A proof in Set theory about the number of different subset in a Set

[Shing]

hi guys, I am a physics major, recently doing a few self-reading on analysis, however, I got stuck at some excises of proofs.

Homework Statement

If a set A contains n elements, prove that the number of different subsets of A is equal to 2^n.

The Attempt at a Solution

First, I teared apart the problem, attempting to draw a general equation from looking at the numbers of different subset one by one.

E(m) regarded as the possible number of different subsets which contains m elements, whereas A has total n elements.

E(0)=1
E(1)=n
E(2)=\frac{n^2}{2}-\frac{n}{2} (this is obtained from a bit of analysis. Possibly be fault however.)
E(3)=\frac{5n^3}{6} -\frac{n^2}{2}-\frac{n}{3} (so is it.)
.
.
.
E(n)=1

However, I was almost driven crazy... I could't make the generl equation from it (which is hopefully 2^n)

Any other approaches? Or any mistakes I made during my approach?

Thanks for reading!

 

[Mark44]

hi guys, I am a physics major, recently doing a few self-reading on analysis, however, I got stuck at some excises of proofs.

Homework Statement

If a set A contains n elements, prove that the number of different subsets of A is equal to 2^n.

The Attempt at a Solution

First, I teared apart the problem, attempting to draw a general equation from looking at the numbers of different subset one by one.

E(m) regarded as the possible number of different subsets which contains m elements, whereas A has total n elements.

E(0)=1
E(1)=n
E(2)=\frac{n^2}{2}-\frac{n}{2} (this is obtained from a bit of analysis. Possibly be fault however.)
E(3)=\frac{5n^3}{6} -\frac{n^2}{2}-\frac{n}{3} (so is it.)

The formula above is incorrect. It should be (1/6)(n³ - 3n² + 6n)

.
.
.
E(n)=1

However, I was almost driven crazy... I could't make the generl equation from it (which is hopefully 2^n)

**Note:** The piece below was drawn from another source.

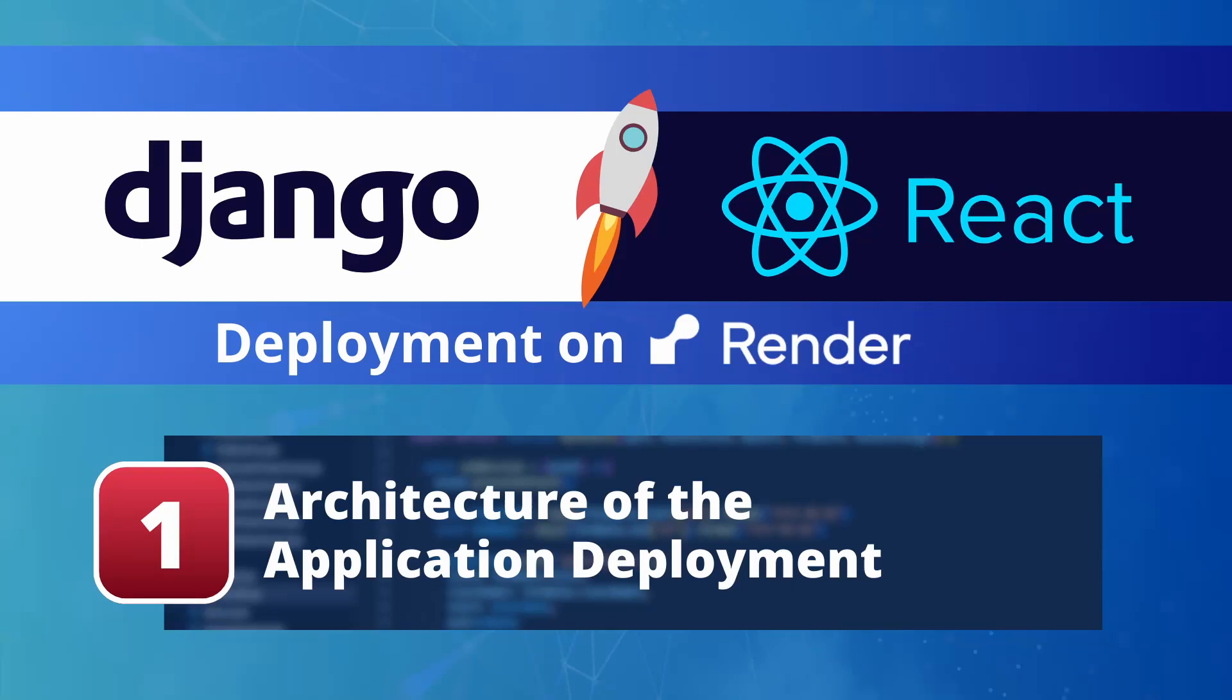Hi everyone and welcome to a new video on the CBI channel and actually a completely new series. In this series we are going to be deploying a Django and React application on Render.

Any other approaches? Or any mistakes I made during my approach?

Thanks for reading!

In general, and using your notation, E(m) = the number of combinations of n things taken m at a time, or nCm, which is defined to be n!/(m! (n - m)!).

For example, if n = 3, there are:
1 set with nothing in it -- {}
3 sets with 1 element -- {1}, {2}, {3}
3 sets with 2 elements -- {1, 2}, {1, 3}, {2, 3}
1 set with 3 elements -- {1, 2, 3}

All together there are 1 + 3 + 3 + 1 subsets, or 8 subsets, or 2³ subsets.

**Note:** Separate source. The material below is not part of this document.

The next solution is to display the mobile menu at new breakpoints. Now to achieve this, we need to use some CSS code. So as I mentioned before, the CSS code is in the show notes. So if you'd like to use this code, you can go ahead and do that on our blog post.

By the same reasoning, it's easy to show that for a set with 4 elements, there are 2⁴ subsets. You can use mathematical induction to show what you're trying to show; namely that for a set of n elements, there are 2ⁿ subsets.

 

[Shing]

Thanks for answering!
However, I would love to know how to prove nCm suitable here?

 

[Hurkyl]

For the record, a direct counting argument is possible without any induction or summation identities -- you just need to find a different way to describe a subset than by first listing its size (say, m), and then by listing m elements.

 

[Shing]

Probably my knowledge in Math induction is not enough.
I have attempted to prove it via M.I.
however, I was having some hard time

my approach:
1.) obviously it is true for n=1,0
2.) I assume that it is true for 2^k, where k belongs to natural set.
3.) but how do I know/prove it is also true for 2^{k+1}? since I can't write such a function at all!

 

[Shing]

besides, I always do not understand how the nCm stuffs have to do with the so-called "possibilities" of combinations?
thanks!

 

[HallsofIvy]

Suppose A contains k+ 1 elements, with k> 0. Let a_0 be one of the elements of A. Every subset of A either contains a_0 or it does not. If it does not, it is a subset of A-\{x_0\} which has k elements so there are 2^k of them. If it does not, it is the same as a subset of A- \{x_0\} union x_0 so there are 2^k of them. Together there are 2^k+ 2^k= 2(2^k)= 2^{k+1} subsets of A.